The Federal Emergency Management Agency will be in town on Wednesday and Thursday to assess the damage. Stanzione said a recording of the meeting, where dozens spoke of their erosion, would be sent the state office of emergency management.

Town officials did not argue with the cause of the erosion on the north-side of Montauk: a jetty to the east of Culloden Point that was installed by the Army Corps of Engineers "stopping the natural flow of sand," Bienstock said.

"I've watch my beach erode some 300 feet over the last 30 years I've been here – 300 feet," he told the board.

Meanwhile on the south-side of Montauk, oceanfront hotels like the and suffered the erosion of their beachfront. Paul Monte, an owner of Gurney's, told the board he incurred $250,000 worth of damage to the beach and the drainage systems that were now exposed.

"Our residents would be thrilled if all they had was $250,000 worth of damage from the storm and the storm last year," Bienstock said. "We're not worried about our beaches. We've lost our beaches." He said he lost 30 feet in the last storm.

Bienstock said that the time for discussion had past. "I ask for one thing. If you cause a problem, you fix it – not talk talk about fixing it, not have meetings, not conversation, not come out and hold my hand."

Jeff Nichol, an owner of Soundview Resort which is made up of 31 cooperatives, which also suffered erosion on the north side said, "I understand there's a lot of players here, but who owns this problem?"

"I think we do," Stanzione replied.

Board member Theresa Quigley said, "If the town doesn't get strong about it, the Army Corps and the DEC don't have any reason to get strong about it either." She said she will look at the town code to look at streamlining the process, making it more homeowner friendly, and the possibility of an evergreen permitting system where permits would already be in place for fragile area in case of an emergency.

Virginia Bennis, who lives on Mulford Lane on Lazy Point, another area hit by severe erosion, said 50 feet of road was lost in the storm. She blamed the gut being widened a few years back for accelerating the erosion.
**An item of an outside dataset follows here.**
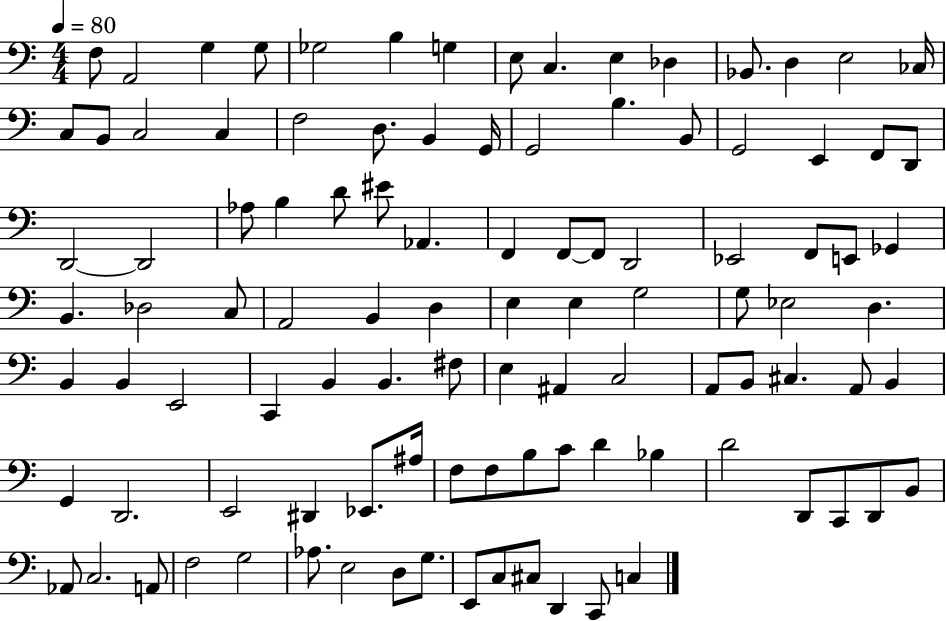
F3/e A2/h G3/q G3/e Gb3/h B3/q G3/q E3/e C3/q. E3/q Db3/q Bb2/e. D3/q E3/h CES3/s C3/e B2/e C3/h C3/q F3/h D3/e. B2/q G2/s G2/h B3/q. B2/e G2/h E2/q F2/e D2/e D2/h D2/h Ab3/e B3/q D4/e EIS4/e Ab2/q. F2/q F2/e F2/e D2/h Eb2/h F2/e E2/e Gb2/q B2/q. Db3/h C3/e A2/h B2/q D3/q E3/q E3/q G3/h G3/e Eb3/h D3/q. B2/q B2/q E2/h C2/q B2/q B2/q. F#3/e E3/q A#2/q C3/h A2/e B2/e C#3/q. A2/e B2/q G2/q D2/h. E2/h D#2/q Eb2/e. A#3/s F3/e F3/e B3/e C4/e D4/q Bb3/q D4/h D2/e C2/e D2/e B2/e Ab2/e C3/h. A2/e F3/h G3/h Ab3/e. E3/h D3/e G3/e. E2/e C3/e C#3/e D2/q C2/e C3/q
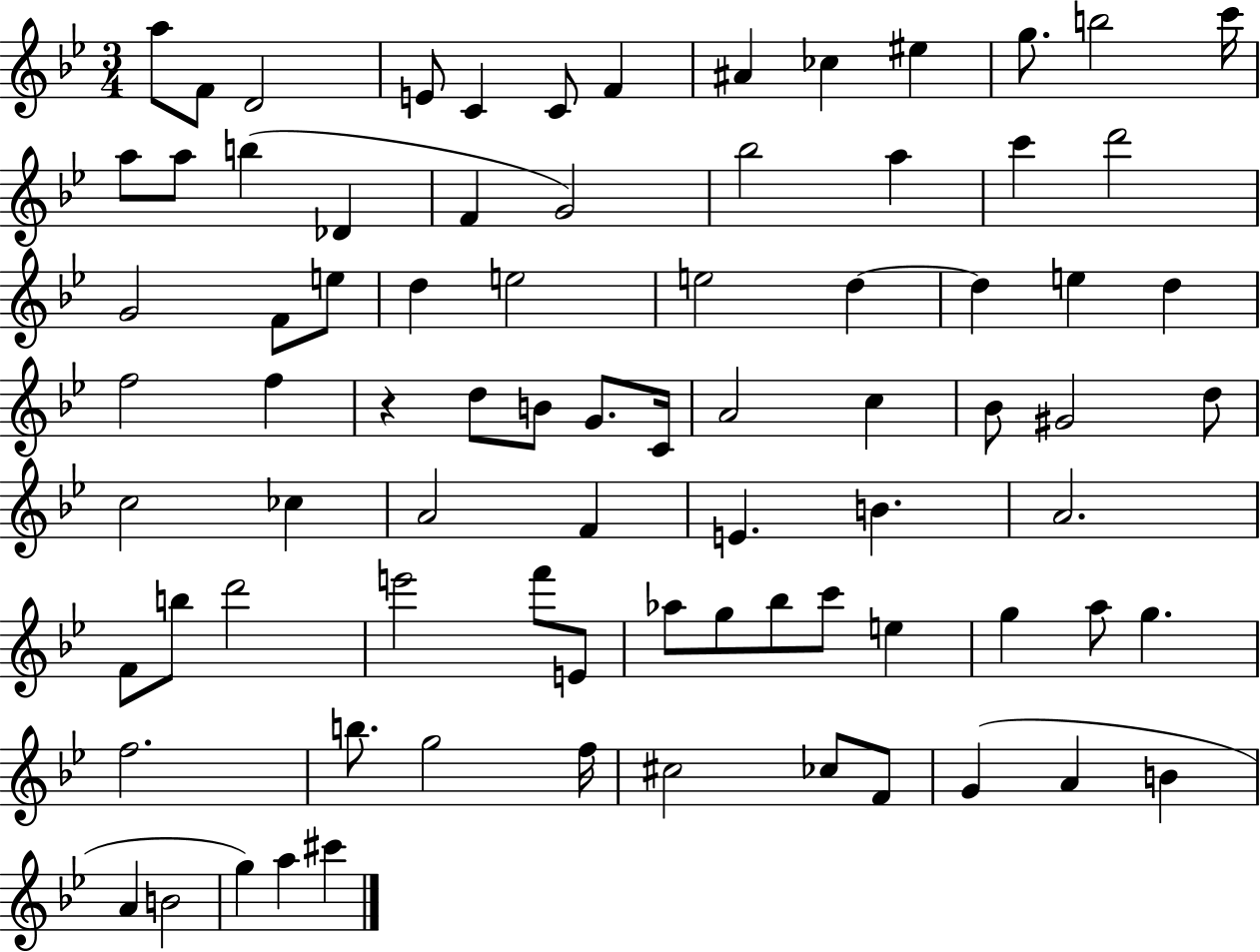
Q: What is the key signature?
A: BES major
While she said the Soundview Drive gets most of the attention, "I hope you're going to start paying attention to the area now."

Stanzione said, "We're just a week in from the storm and we're still learning of damages that need to be addressed."
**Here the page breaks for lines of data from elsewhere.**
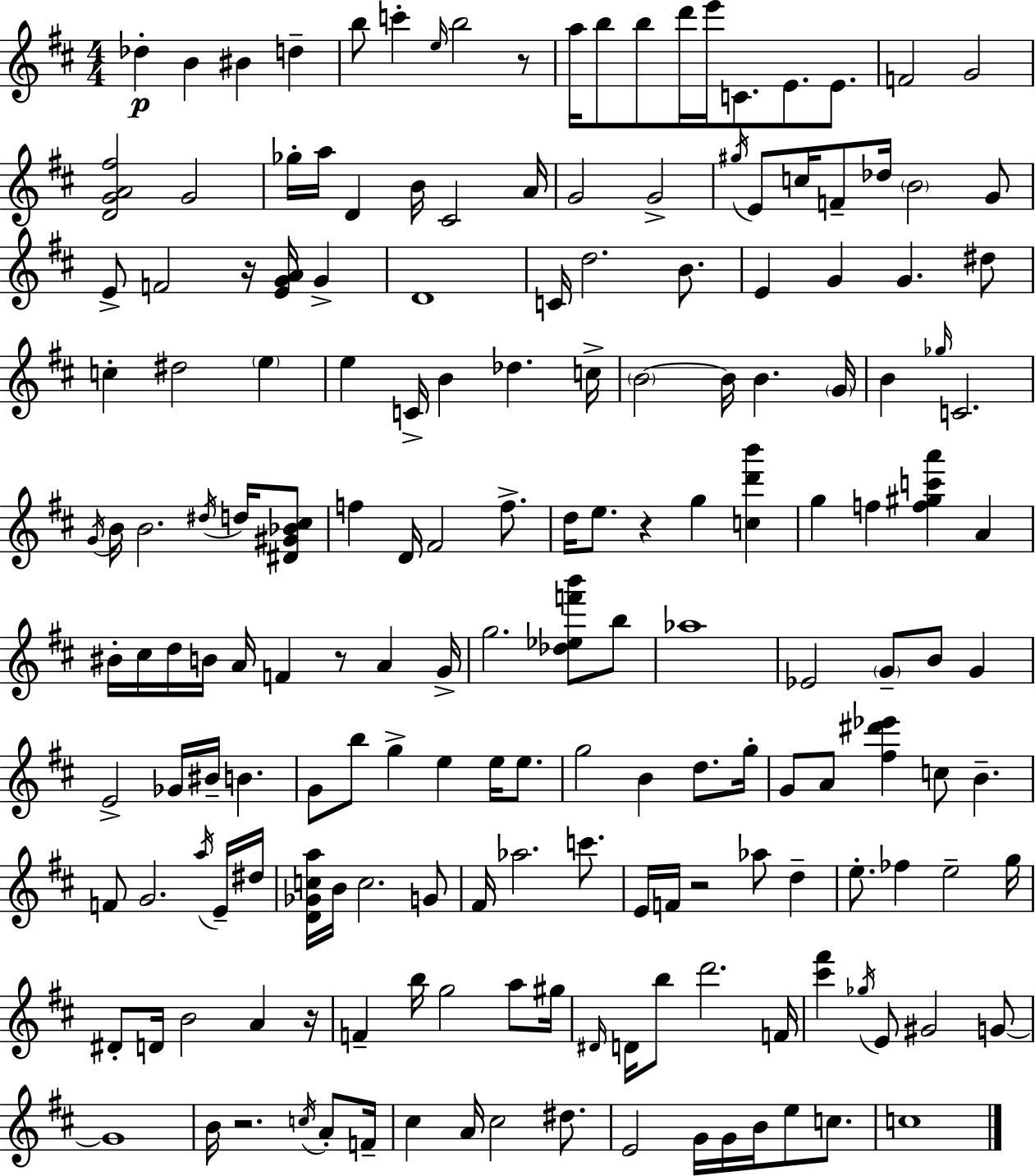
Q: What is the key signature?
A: D major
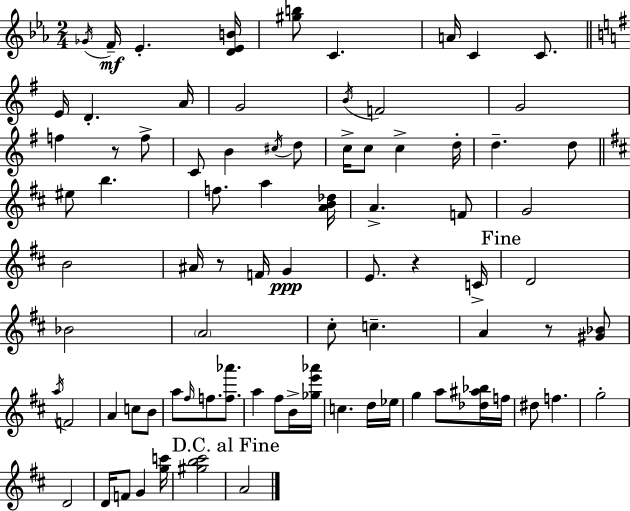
{
  \clef treble
  \numericTimeSignature
  \time 2/4
  \key c \minor
  \acciaccatura { ges'16 }\mf f'16-- ees'4.-. | <d' ees' b'>16 <gis'' b''>8 c'4. | a'16 c'4 c'8. | \bar "||" \break \key g \major e'16 d'4.-. a'16 | g'2 | \acciaccatura { b'16 } f'2 | g'2 | \break f''4 r8 f''8-> | c'8 b'4 \acciaccatura { cis''16 } | d''8 c''16-> c''8 c''4-> | d''16-. d''4.-- | \break d''8 \bar "||" \break \key b \minor eis''8 b''4. | f''8. a''4 <a' b' des''>16 | a'4.-> f'8 | g'2 | \break b'2 | ais'16 r8 f'16 g'4\ppp | e'8. r4 c'16-> | \mark "Fine" d'2 | \break bes'2 | \parenthesize a'2 | cis''8-. c''4.-- | a'4 r8 <gis' bes'>8 | \break \acciaccatura { a''16 } f'2 | a'4 c''8 b'8 | a''8 \grace { fis''16 } f''8. <f'' aes'''>8. | a''4 fis''8 | \break b'16-> <ges'' e''' aes'''>16 c''4. | d''16 ees''16 g''4 a''8 | <des'' ais'' bes''>16 f''16 dis''8 f''4. | g''2-. | \break d'2 | d'16 f'8 g'4 | <g'' c'''>16 <gis'' b'' cis'''>2 | \mark "D.C. al Fine" a'2 | \break \bar "|."
}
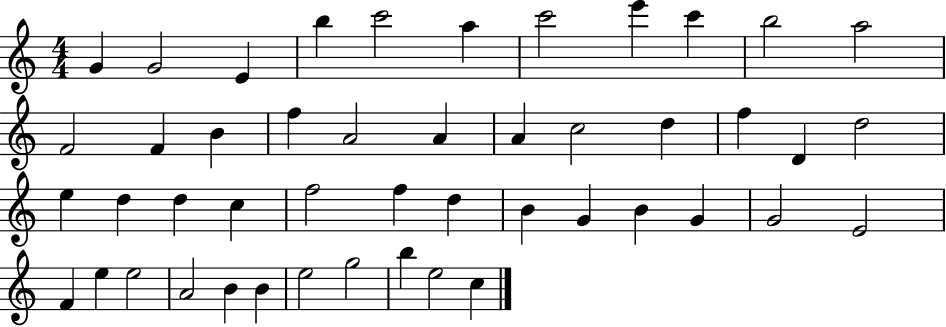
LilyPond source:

{
  \clef treble
  \numericTimeSignature
  \time 4/4
  \key c \major
  g'4 g'2 e'4 | b''4 c'''2 a''4 | c'''2 e'''4 c'''4 | b''2 a''2 | \break f'2 f'4 b'4 | f''4 a'2 a'4 | a'4 c''2 d''4 | f''4 d'4 d''2 | \break e''4 d''4 d''4 c''4 | f''2 f''4 d''4 | b'4 g'4 b'4 g'4 | g'2 e'2 | \break f'4 e''4 e''2 | a'2 b'4 b'4 | e''2 g''2 | b''4 e''2 c''4 | \break \bar "|."
}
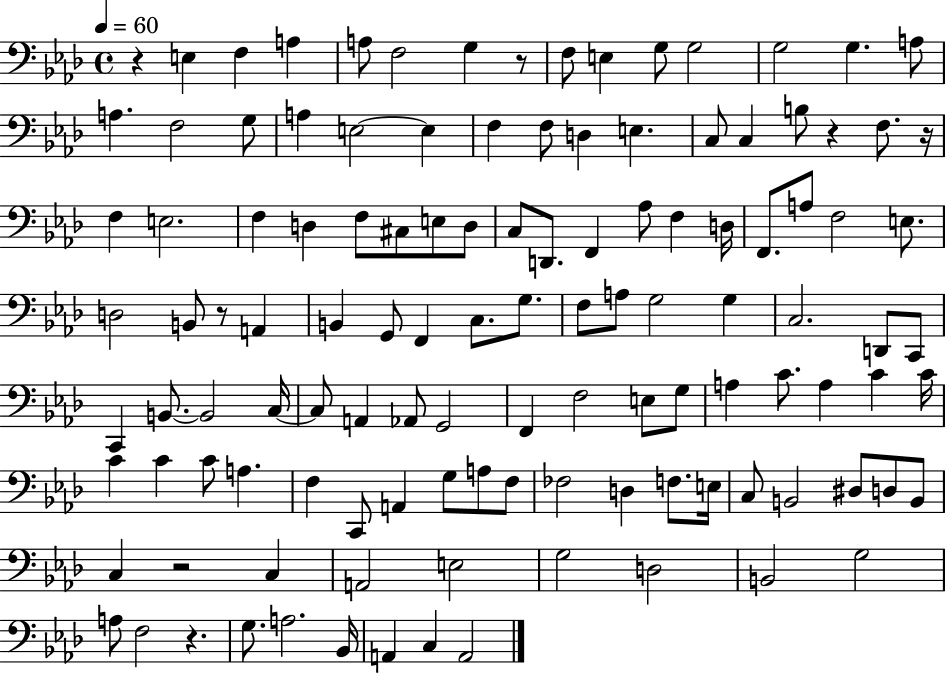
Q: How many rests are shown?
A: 7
Paul Greenwood, the assistant superintendent of the Suffolk County Water Authority,  told the board of another problem from the storm – the water mains east of Soundview Drive and on Mulford Lane have been compromised.

Suffolk County Legis. Jay Schneiderman, a lifelong resident of Montauk, said there are solutions to the coastal erosion, pointing to offshore dredging and sand pumps. "We don't have to reinvent the wheel here." He urged the board to apply for the ability to park an ocean dredge offshore. "Let me fight that fight for you with the legislature."